Another way to think of Rossini's Torvaldo E Dorliska is as a "rescue opera", a genre modeled by Beethoven's Fidelio. That gives me a grand idea! Opera composers, if any of you chance to read this review! How would you like to collaborate on an opera semiseria based on Buster Keaton's film The General, or Charlie Chaplin's Modern Times?
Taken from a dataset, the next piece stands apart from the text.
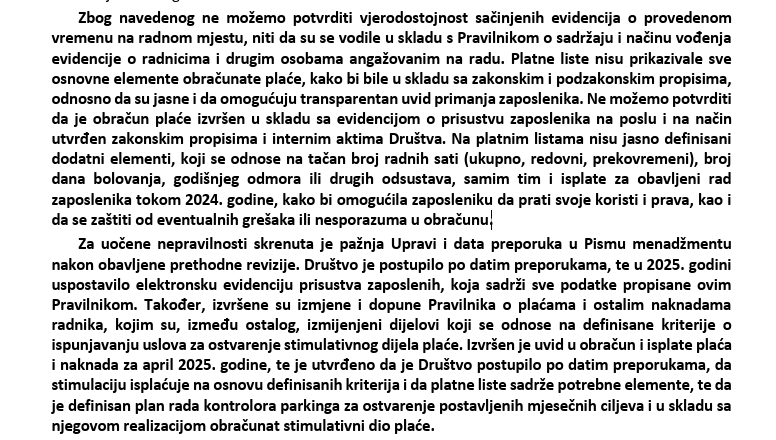 parking revizija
Everything about this DVD is delightful - the music of course, the staging, the singing, and the recording. This is as good as an opera film can get."
Music Rescues All
Dr. John W. Rippon | Florida | 02/16/2009
(5 out of 5 stars)

"Torvaldo e Dorliska is a "Rettungsstuck", a rescue opera in the manner of Beethoven, Fidelio and many many others of that period. The main characters Torvaldo and Fidelio are similar. The evil Pizzaro of Fidelio is akin to Duca d'Ordow of Torvaldo. The featured couple are married and their's is a strong conjugal love that defies the evil machinations of the duke. These are all cardboard characters of one dimension. Only the duke's valet Giogio has any development as does Rocco in Fidelio. The opera was premiered December 26 1815 just a few month's after the opening of Elisabettta regina d'Inghliterra and his next would be Il barbiere di Siviglia in February of 1816. He was in the prime of his powers and was working rapidly. We must remember that Rossini was not intent on creating immortal art; he was a craftsman and a businessman. He was making money by entertaining the hoi aristoi and rising middleclass. He was busy. There was a contract to fill for the Teatro Valle in Rome and there was a readymade standard libretto available so he set to work. Yes the story is dull, artificial but so what! As the first reviwer says "I'm still clapping". The music is wonderful. Just simply wonderful. The Finale of act one is an extraordinay Rossinian crescendo. There are many many concerted trios, quartets and a quintet along with great chorus and delightful arias, Yes the music rescues all."